Unit Pelaksana Teknis Dinas antara lain :
1) UPTD Pengujian Kendaraan Bermotor, dipimpin oleh seorang Kepala yang mempunyai tugas pokok memimpin, mengkoordinasikan dan mengendalikan pengelolaan dan pelayanan pengujian kendaraan bermotor. Untuk menyelenggarakan tugas pokok tersebut Kepala UPTD Pengujian Kendaraan Bermotor mempunyai fungsi yaitu pengumpulan dan pengolahan data pengujian kendaraan bermotor, penyusunan dan penyiapan bahan pedoman teknis pelaksanaan pengelolaan dan pelayanan pengujian kendaraan bermotor, penyelenggaraan koordinasi dan kerjasama dalam rangka pelaksanaan tugas pokok dan fungsinya.
2) UPTD Terminal, dipimpin oleh seorang Kepala yang mempunyai tugas pokok memimpin, mengkoordinasikan dan mengendalikan pengelolaan dan pelayanan terminal. Untuk menyelenggarakan tugas pokok tersebut Kepala UPTD Terminal mempunyai fungsi yaitu pengumpulan dan pengolahan data terminal, penyusunan dan penyiapan bahan pedoman teknis pelaksanaan pengelolaan dan pelayanan terminal, penyelenggaraan koordinasi dan kerjasama dalam rangka pelaksanaan tugas pokok dan fungsinya.
3) UPTD Parkir, dipimpin oleh seorang Kepala yang mempunyai tugas pokok memimpin, mengkoordinasikan dan mengendalikan pengelolaan dan pelayanan parkir.
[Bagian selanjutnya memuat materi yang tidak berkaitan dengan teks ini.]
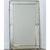 Italian Venetian style wall mirror, late 19th century, its multitude of glass elements composed in a thick wooden frame...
Untuk menyelenggarakan tugas pokok tersebut
Kepala UPTD Parkir mempunyai fungsi yaitu pengumpulan dan pengolahan data parkir, penyusunan dan penyiapan bahan pedoman teknis pelaksanaan pengelolaan dan pelayanan parkir, penyelenggaraan koordinasi dan kerjasama dalam rangka pelaksanaan tugas pokok dan fungsinya.
2. 1. 5.Logo Dinas Perhubungan 1. Logo
Logo Departemen Perhubungan adalah suatu bentuk simbolis yang menggambarkan keluarga besar Perhubungan. Logo terdiri dari bentuk lingkaran mempunyai unsur-unsur roda bergigi, jangkar, burung Garuda, dan bulatan bumi.